In the first part of this two-part series, we examined the origins of the timesheet and the recording of time & attendance in general. Its purpose in ensuring the right pay for the right person for the hours worked and to help avoid worker exploitation. We also touched on the digital revolution and how it has sped up the process, but how it has also failed to curb the converse issue to worker exploitation, that of time theft.

In an interesting quirk of fate, King Hammurabi of Babylonia – the man who invented the timesheet nearly 4,000 years ago – also gave us a hint as to the future of time and attendance: biometrics.

The Code of Hammurabi was not signed with a scrawl of charcoal or a wax seal as we might expect, but with a thumbprint.

While the King may not have been as acutely aware as we are now of the truly unique nature of a fingerprint (or even a partial), he must still have known that signing the document in such a way could be authenticated in some way. While a decent artist might forge a signature, or sculptor forge a seal, it would be incredibly difficult to accurately forge the print of a body part, and therein lies the beauty of biometric identification.

What Are Biometrics?

The term “biometrics” relates to criteria specific to an individual’s body and how those criteria can be measured.

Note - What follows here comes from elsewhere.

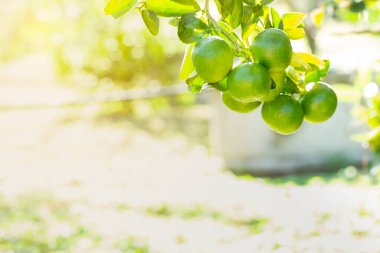 Bahçedeki limon ağaçları, ağaçta asılı duran yeşil yeşil organik limonlu narenciye vitamini kaynağıdır..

We employ biometric systems in our everyday lives when we recognise a friend on the street, or know who is speaking to us when we pick up the phone. Our brains have measured and stored their unique facial features, tone of voice, and speaking patterns.

In terms of machine-readable identification, the most common examples include fingerprinting, iris or retinal scans, or facial recognition technology. Delving deeper, usually within the realms of criminal forensics, we can also examine voice patterns, typing cadence, the way someone walks (gait) and even ear prints!

How Can Biometrics Help With and Time & Attendance?

The biggest drawback of old timesheets and punchcards, as well as more modern swipe cards and keyfobs, is that there is virtually no authentication on who is using them. Just because Dom is flagged as entering the building at 08.59, it doesn’t mean it wasn’t Zoe doing it for him as a favour because he needed to pop to the shop first.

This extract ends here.